However, in remote and decentralized BTS and Station Controller (BCS) cabinets that need to operate outdoors in high average temperatures or in severely cold conditions, a 48 V or 24 V nickel-cadmium battery system may be the ideal solution. Ni-Cd batteries can operate from -20° C to +50° C and for short durations, they tolerate even -50° C to +70° C without a big impact on the cell's 15-20 years of service life. This means that the Ni-Cd battery system does not need, nor uses up a part of the stored energy for active temperature conditioning. 

Whichever chemistry the operator opts for, the decision is based primarily on these qualities, i.e. high cycle life and favorable operation and maintenance costs. Given the fact that, as of early 2024, only the low tens of percent of base stations in developed countries are 5G capable, we will see some major investments into new communication infrastructure in the years to come. And, by extension, into battery manufacturing as well.
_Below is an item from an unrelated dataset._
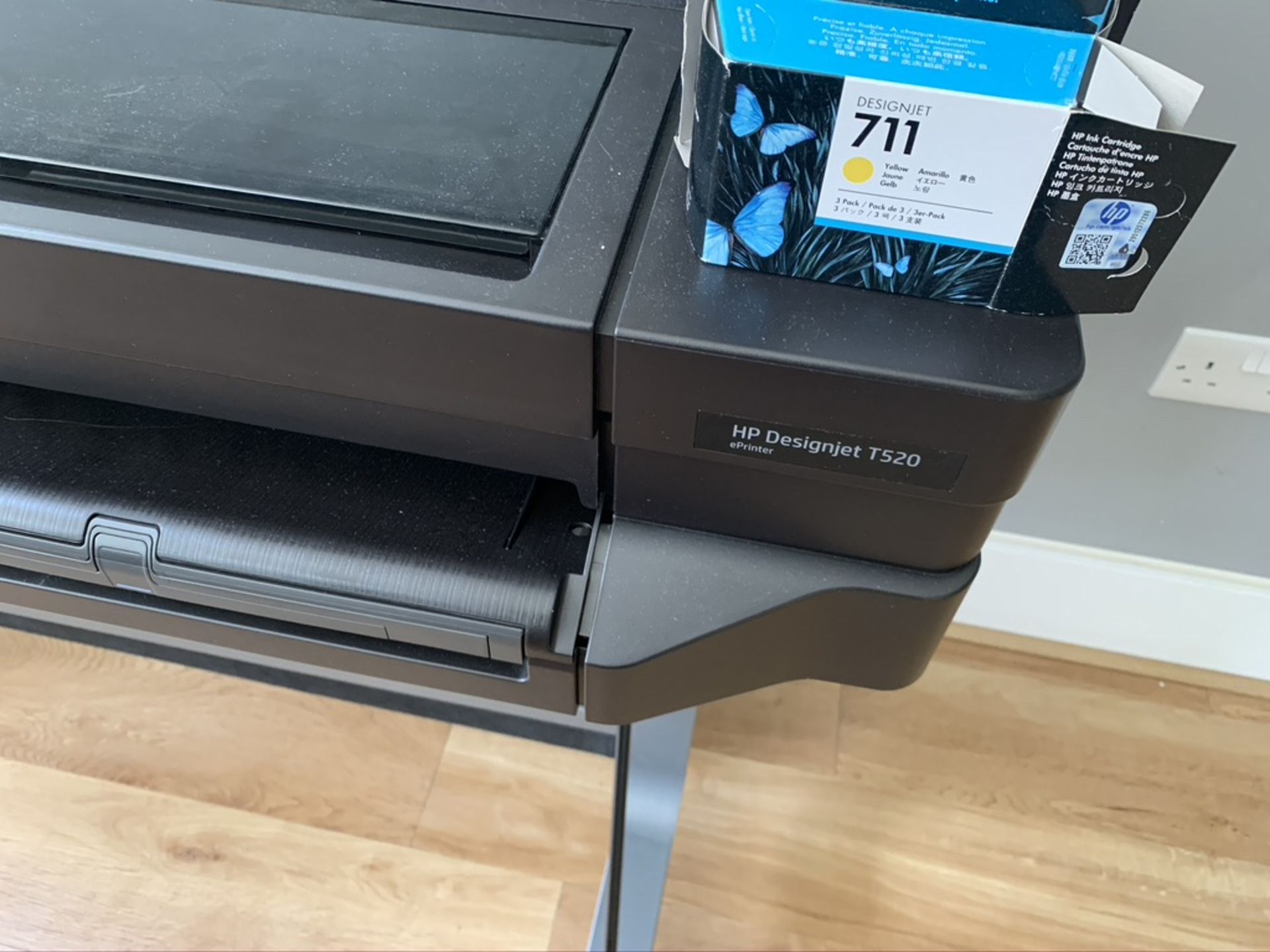 HP Designjet T520 36" Large Format Colour Inkjet Printer with spare cartridges - Image 4 of 5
The heart of a mobile network base station is the active antenna unit, or AAU, which consumes about 90 percent of the installation's power supply. Usually, the main bulk of the electricity used by the device comes from the grid – AC power which is converted into DC power through the facility's rectifier module. For if the mains electricity supply fails, or for other reasons detailed above, a typical 5G base station uses a 48 V battery with a capacity of around 200 Ah. That's enough to ensure the uninterrupted operation of the AAU for around 3 hours. However, in specific circumstances, the battery may be sized for a apacity even exceeding 1,000 Ah. In base stations, battery systems come in cabinetized, hybrid, or rack-mounted form depending on the environment they serve in.